GCC questions :: pouët.net

GCC questions

category: general [glöplog]

Thanks to your help in a month ago topic now I'm not working on Visual C 6 anymore (I can't install it under Windows, and also I wanted to be able to port easily). Now I use MinGW.

Well, my questions:

- With -O2 I'm getting about a 10% faster code than with -03. Isn't O3 supposed to optimize more? And also, doesn't look 10% a too big difference?

- Then, I get absolutely no difference the march option (CPU architecture). Should I get any difference or not? I'm not sure of what this option is for...

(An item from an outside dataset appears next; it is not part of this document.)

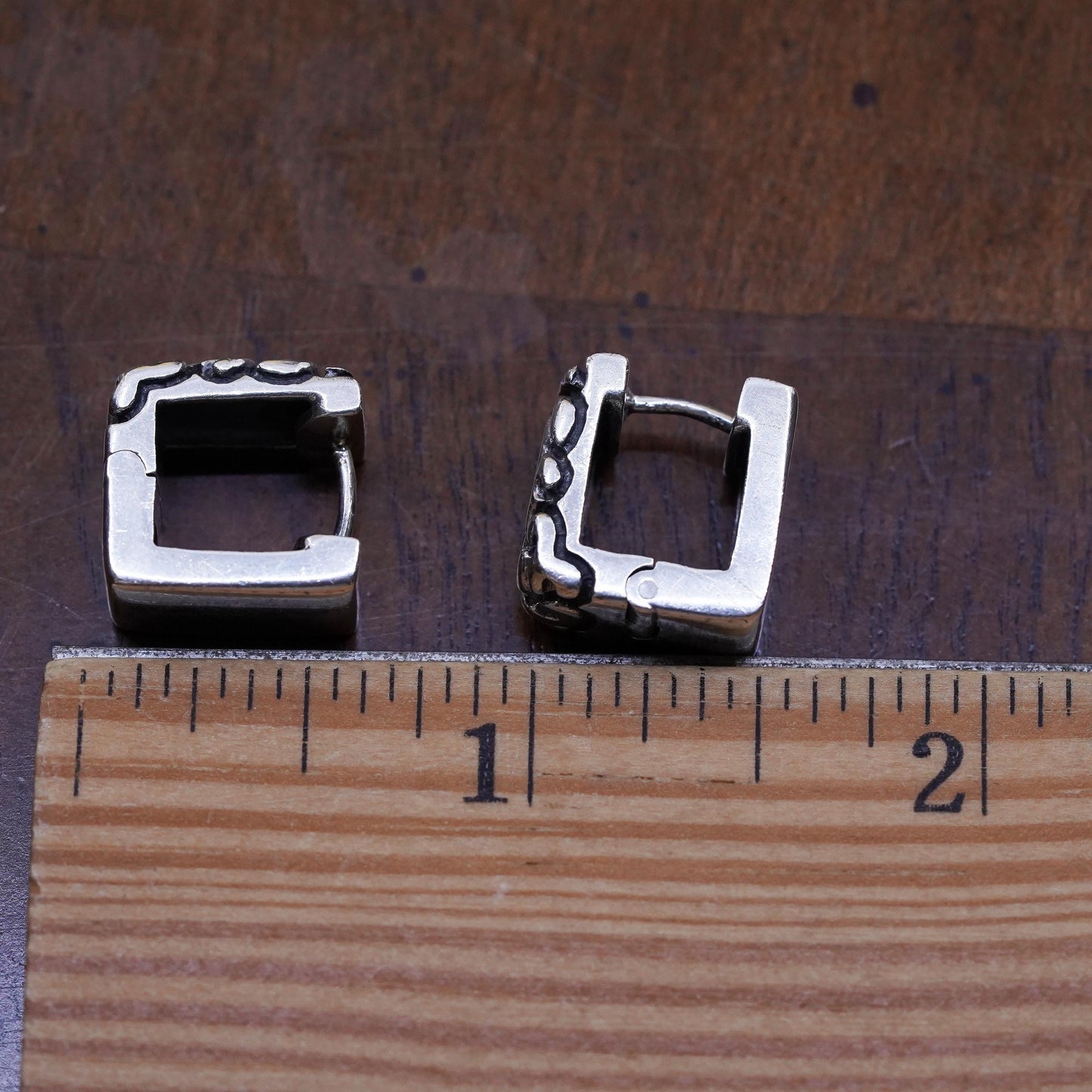 0.5", Zina Sterling silver textured hoop earrings, 925 square huggie studs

- Do GCC does any kind of mmx, sse optimizations by itself or I have to code for vectors directly? (I supppose the second option).

- And finally... do you know if there is a big difference in optimizations between GCC and the VC compiler?

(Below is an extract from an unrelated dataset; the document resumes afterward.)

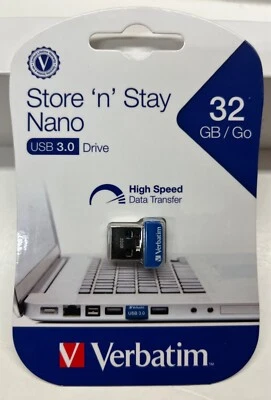 Verbatim Store 'n' Stay 32 GB USB 3.0 Drive High Speed Data Transfer (98710) - Image 1 of 2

Now, not related to GCC, but to modern computers:

In my VC code I used to do MMX 64 bits memory accesses since these were faster than 32 bits memory accesses (well, in the same time you got 64 bits of data and not 32). Do current computers (Pentium Core 2 Duo and similar) have the same thing? Do 128 bits access are the same as fast as 64bits, for example? And, do multicore code affect this?

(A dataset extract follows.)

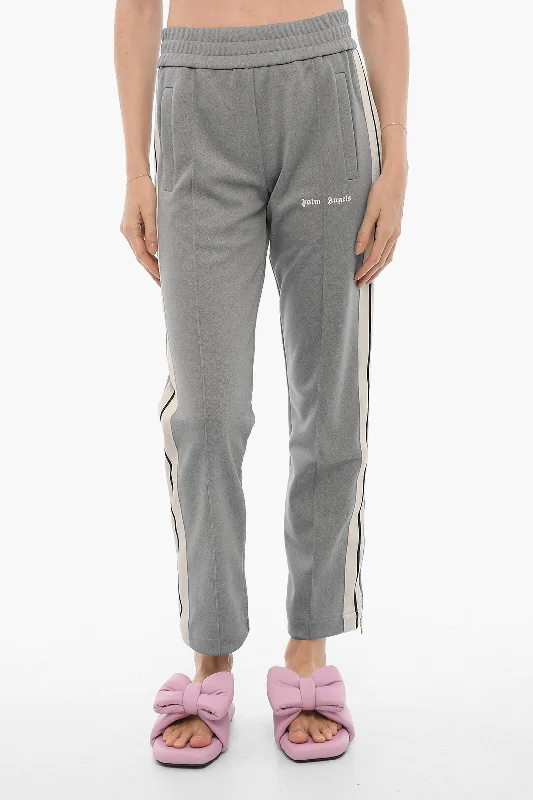 Tight trousers for men with tapered legs and sharp, tailored finish -Palm Angels High-Waisted Joggers with Ankle Zip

added on the 2008-10-24 02:11:08 by texel

- With -O2 I'm getting about a 10% faster code than with -03. Isn't O3 supposed to optimize more? And also, doesn't look 10% a too big difference?

Answer: Usual GCC bullcrap... I'd recommend looking at the output, but most of the GCCs (even those for embedded systems) produce better code with -O2 from my experiences.

- Then, I get absolutely no difference the march option (CPU architecture). Should I get any difference or not? I'm not sure of what this option is for...

Answer: It will make a difference if and only if the compiler is capable of producing codes for different architectures/processors/instruction sets.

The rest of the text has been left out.